A group of Pharisees came to Jesus pretending concern for his welfare. They warn Jesus of Herod’s intention to put Him to death. In His reply to the Pharisees, the Lord Jesus labeled Herod Antipas, the Galilean tetrarch, who had already beheaded John the Baptist, and wanted also to kill Jesus, a fox. By that, He insinuated that Herod was deceitful and crafty as well as insignificant. Even the sly Herod could not slow down God’s divine plan. Jesus was not concerned about what Herod might do to Him, for He knew that no one could touch Him until He had finished all the work the Father had sent Him to do. He could lay down His life, but no one could take it from Him. He said He would continue to cast out devils, heal and preach until He is perfected, and that will be at His resurrection. His destiny was to die in Jerusalem and man could not alter God’s plans.

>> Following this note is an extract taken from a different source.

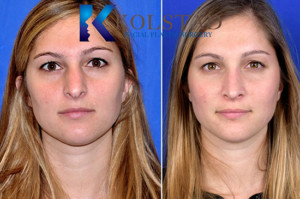 rhinoplasty san diego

(Luke13:34-35) O Jerusalem, Jerusalem, which killest the prophets, and stonest them that are sent unto thee; how often would I have gathered thy children together, as a hen doth gather her brood under her wings, and ye would not! Behold, your house is left unto you desolate: and verily I say unto you, Ye shall not see me, until the time come when ye shall say, Blessed is he that cometh in the name of the Lord.

Jesus grieved over Jerusalem, because they would not listen to the prophets, nor would they welcome those whom God had sent to them, instead they killed them. These words reveal Jesus’ heart. The image of a hen and chicks depicted the love, protection, shelter, and care of a mother toward her children. This is a picture of Jesus’ care for His people Israel. He revealed that He is willing to receive and care for poor souls that come to him, and put themselves under his protection:

Jesus knew that Jerusalem, not Herod, was the real threat to His life. The expression of grief for Jerusalem recognizes its bloody past, but also recognizes its blessed future, which will not occur until the end of the Great Tribulation.